The district court found that Chagois had never seen or worked with the auger before the day of the accident, that there was no guard or housing surrounding the auger, and that there was no off-on switch at any point on the auger except on the electric motor, which was situated outside of the boxcar on the pier. Moreover, no safety drill or demonstration had ever been given to Chagois or the other men concerning the operation of the auger.

In the circumstances, the court concluded, Stevedores' use of the auger constituted unseaworthiness, and this unseaworthiness was the proximate cause of Chagois's injury. The court awarded Chagois damages in the amount of $80,000.

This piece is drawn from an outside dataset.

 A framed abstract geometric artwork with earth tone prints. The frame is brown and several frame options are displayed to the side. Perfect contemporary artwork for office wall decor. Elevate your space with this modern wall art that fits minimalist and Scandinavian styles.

Lykes appealed to this Court on the ground that the warranty of seaworthiness owed by the shipowner does not extend to a longshoreman injured while engaging in activities on the shore over which the shipowner has no control or responsibility. Specifically, Lykes contends that Chagois was not loading the ship at the time of his injury and thus was not protected by the seaworthiness doctrine. Chagois has cross-appealed and asks that the award of damages be increased and that interest be allowed from the date of judicial demand. In all respects, we affirm the judgment of the district court.

I.

At least since the decision of the Supreme Court in Mahnich v. Southern S.S. Co., 1944, 321 U.S. 96, 64 S.Ct. 455, 88 L.Ed. 561, it has been clear that a shipowner is liable for injuries to seamen caused by the unseaworthiness of his ship or its equipment. Shortly thereafter, it became equally clear that the warranty of seaworthiness extends also to longshoremen injured on board ship while working in the service of the ship. Seas Shipping Co. v. Sieracki, 1946, 328 U.S. 85, 66 S.Ct. 872, 90 L.Ed. 1099. Moreover, as long as the longshoreman is actually working in the services of the ship, it does not matter that his injury occurs on the shore; the shipowner is still liable for any unseaworthiness of his vessel that causes the longshoreman harm. Gutierrez v. Waterman S.S. Corp., 1963, 373 U.S. 206, 83 S.Ct. 1185, 10 L.Ed.2d 297; Thompson v. Calmar S.S. Corp., 3 Cir. 1964, 331 F.2d 657. The warranty of seaworthiness then depends not on plaintiff's status or location but primarily upon the type of work he does and its relationship to the ship. Pope & Talbot v. Hawn, 1953, 346 U.S. 406, 74 S.Ct. 202, 98 L.Ed. 143. The work of loading and unloading the ship is, without a doubt, work in the ship's service, and any longshoreman injured while loading or unloading a ship may avail himself of the unseaworthiness remedy. Seas Shipping Co. v. Sieracki, supra; Deffes v. Federal Barge Lines, Inc., 5 Cir. 1966, 361 F.2d 422, 425.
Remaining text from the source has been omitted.